投稿小説が全て無料で読める書けるPiPi's World

私はメアリー
【その他 その他小説】

私はメアリーの最初へ 私はメアリー 0 私はメアリー 2 私はメアリーの最後へ

私はメアリー-1

 どんなに、世の中を見渡せても、私には、そこを歩く足がありません。

 どんなに、愛らしいものを見つけても、私には、それを抱く腕がありません。

 どんなに、美しいものを眺めても、私には、それを理解する心がありません。


 私は、空虚な自分をじっと見つめました。
 無論、何もありません。

 だから私は、外を見ました。
 自分に無い全てがありました。
 でも、どれが私にとって必要なものなのか、解りません。

 私は、ずっと迷っていました。

 だから、私は一番傍にあったものを、自分にしてみました。

 それは、歪なブリキの怪物の玩具でした。

 でも、それは私。
 私の足は歪んでいて、腕は無くて、心もまだ、空っぽでした。
 でも、足がある。歩いてゆけます。

 ある時、私は一人の人間に出会いました。
 私は頼みました。

「あなたの腕を下さい」

 人間は、私を『化け物』と呼び、逃げて行ってしまいました。

 私は化け物。化け物…?

 私は化け物と名乗る事にしました。
 名付けてくれた人間に感謝しました。


 暫くして、また、人間に出会いました。
 私は頼みました。

「私は化け物です。

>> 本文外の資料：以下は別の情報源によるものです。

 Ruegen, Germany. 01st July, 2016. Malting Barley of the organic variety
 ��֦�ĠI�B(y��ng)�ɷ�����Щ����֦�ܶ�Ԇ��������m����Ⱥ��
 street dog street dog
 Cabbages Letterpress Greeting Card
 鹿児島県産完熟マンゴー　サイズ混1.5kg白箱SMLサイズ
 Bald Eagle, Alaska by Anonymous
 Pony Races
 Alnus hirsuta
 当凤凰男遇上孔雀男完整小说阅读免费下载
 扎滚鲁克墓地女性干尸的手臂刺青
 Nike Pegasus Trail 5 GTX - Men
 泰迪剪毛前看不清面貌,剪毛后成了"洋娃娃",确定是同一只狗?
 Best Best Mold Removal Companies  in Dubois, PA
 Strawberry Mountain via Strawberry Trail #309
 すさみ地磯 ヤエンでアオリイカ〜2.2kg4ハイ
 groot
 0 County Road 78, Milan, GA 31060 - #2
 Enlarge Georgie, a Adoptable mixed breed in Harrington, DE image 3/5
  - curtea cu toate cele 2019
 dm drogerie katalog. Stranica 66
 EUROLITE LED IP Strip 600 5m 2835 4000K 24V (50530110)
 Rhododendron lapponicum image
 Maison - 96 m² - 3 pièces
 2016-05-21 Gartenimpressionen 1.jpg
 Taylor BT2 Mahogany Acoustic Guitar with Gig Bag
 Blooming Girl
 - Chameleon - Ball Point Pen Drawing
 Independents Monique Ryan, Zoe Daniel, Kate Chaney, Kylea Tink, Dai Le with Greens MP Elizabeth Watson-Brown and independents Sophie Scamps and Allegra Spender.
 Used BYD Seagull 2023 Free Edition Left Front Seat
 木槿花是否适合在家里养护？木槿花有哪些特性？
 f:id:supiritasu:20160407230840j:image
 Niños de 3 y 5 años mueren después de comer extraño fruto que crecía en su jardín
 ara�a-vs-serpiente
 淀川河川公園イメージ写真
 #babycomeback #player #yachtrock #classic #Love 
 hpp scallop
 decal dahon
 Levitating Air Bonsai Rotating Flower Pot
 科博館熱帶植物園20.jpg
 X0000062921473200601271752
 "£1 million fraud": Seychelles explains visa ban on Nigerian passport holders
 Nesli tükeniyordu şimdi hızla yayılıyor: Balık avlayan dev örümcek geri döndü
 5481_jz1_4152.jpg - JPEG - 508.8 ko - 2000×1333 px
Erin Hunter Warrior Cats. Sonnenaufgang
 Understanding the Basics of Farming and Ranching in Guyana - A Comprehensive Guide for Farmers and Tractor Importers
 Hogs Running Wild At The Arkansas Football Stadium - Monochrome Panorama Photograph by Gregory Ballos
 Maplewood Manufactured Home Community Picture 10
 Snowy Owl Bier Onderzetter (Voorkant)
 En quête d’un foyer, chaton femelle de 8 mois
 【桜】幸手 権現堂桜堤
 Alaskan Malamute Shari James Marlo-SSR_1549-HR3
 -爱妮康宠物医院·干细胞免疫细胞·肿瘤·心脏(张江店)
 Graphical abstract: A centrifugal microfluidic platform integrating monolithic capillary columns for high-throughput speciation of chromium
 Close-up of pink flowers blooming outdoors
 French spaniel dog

あなたの腕を下さい」

 その人間は、こう答えました。

「おのれ、恐ろしい化け物め。ワシが退治してくれる」

 退治される。それは、私が壊される事。
 それは、少し嫌でした。
 だから、聞いてみました。

「どうして、私を壊すのですか?」

 すると、答えは、すぐ返って来ました。

「お前が化け物だからだ」

 化け物は壊されるモノ。私は化け物。私は壊されるモノ。
 私は壊されないといけないモノ。

「それでは、仕方ないので、私を壊してください」

 私がそう言うと、人間は不思議そうな顔をして私を見つめてきました。

「変な事を言う奴だ。お前は死にたいのか?」

 死ぬ。壊れる。私は壊れないといけない。私は死なないといけない。

「はい。死にたいです」

 私はそういうモノだったのです。自分が解った気がして、嬉しく思いました。

「ふん、殺す気も失せたわ。勝手に死ぬがいい」

 人間は、私を殺してはくれませんでした。何がいけなかったのでしょうか。